In the last letter he wrote to her Fujita says “In my next life, and in my life after that, and in the one after that, please marry me,” he wrote. “Mutsue, goodbye. Mutsue, Mutsue, Mutsue, Mutsue, the ever so gentle, my dearest Mutsue.”
A survivors’ guilt
In training, the pilots would zoom straight down to practice crashing. They had to pull up before hitting the ground, and experience extreme G-force. When they did it for real, they had to send a final message in Morse code, and keep holding that signal. In the transmission room, they knew the pilot had died when a long beep ended in silence.
Yoshiomi Yanai, 93, survived because he could not locate his target and often visits the Tsukuba facility to pay his respects to his comrades. “I feel so bad for all the others who died,” he says.
Yanai has a photo album that he made to his parents. The pages are full of happy photos, drawings and the message: “Father, Mother, I’m taking off now. I will die with a smile … And I will be waiting for you.”
Maxwell Taylor Kennedy, who wrote a book, Danger’s Hour, about the kamikaze, says they were driven by nothing but self-sacrifice. He found they were very much like Americans or young people anywhere else in the world, but that were different suicide bombers today because they didn’t target civilians.
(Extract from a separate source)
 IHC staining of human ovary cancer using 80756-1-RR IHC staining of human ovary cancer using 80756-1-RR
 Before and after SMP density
“They were looking out for each other,” he says. “If he didn’t get in the plane that morning, his roommate would have to go.”
Killing with a pencil
Another plane - the Ohka - was more suited to kamikaze missions because it was small and packed with bombs. They were taken near the targets, hooked on to the bottom of planes, and then let go.
Ohka means “cherry blossom”, but the Americans called it the “Baka bomb”, using the Japanese word for “idiot”, because they were easily shot down.
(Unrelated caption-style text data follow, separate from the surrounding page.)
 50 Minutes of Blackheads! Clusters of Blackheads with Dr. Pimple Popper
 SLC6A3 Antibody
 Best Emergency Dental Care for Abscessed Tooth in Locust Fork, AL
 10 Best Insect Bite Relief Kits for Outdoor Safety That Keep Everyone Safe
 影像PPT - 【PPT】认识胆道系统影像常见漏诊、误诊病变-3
The man in charge of the Ohka pilots and ultimately sending them to death was Fujio Hayashi, then 22. He was one of the first volunteers for Ohka, but he wonders whether the strategy would have happened if no-one had volunteered when it was first suggested. He says that the first time he saw one of the flimsy gliders, many thought it looked like a joke. As a result, he felt guilty for sending dozens of young men to their deaths. He sent his favourite pilots first to show that he had no favourites.
“Every day, 365 days a year, whenever I remember those who died, tears start coming. I have to run into the bathroom and weep. While I’m there weeping, I feel they’re vibrantly alive within my heart, just the way they were long ago,” he wrote in his essay “The Suicidal Drive.”
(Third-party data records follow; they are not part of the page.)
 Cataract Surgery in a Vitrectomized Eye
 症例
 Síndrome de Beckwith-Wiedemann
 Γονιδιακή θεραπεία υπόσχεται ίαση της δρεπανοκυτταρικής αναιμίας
After the war, Hayashi joined the military and attended memorials for the dead pilots. He consoled families and told everyone how gentle the men had been. They smiled right up to their deaths, he said, because they didn’t want anyone to mourn or worry.
Hayashi hardly talked about his kamikaze days to his children. They remember him as a dad who loved classical music, took them to amusement parks and loved cats.
“I think of the many men I killed with my pencil, and I apologise for having killed them in vain,” he said, referring to how the names of the pilots were written each day. He said that, for him, the war would only be over when his ashes were scattered into the sea near the southern islands of Okinawa, where his men had died.
He died of pancreatic cancer at age 93 earlier this month, and his family plans to honour his request.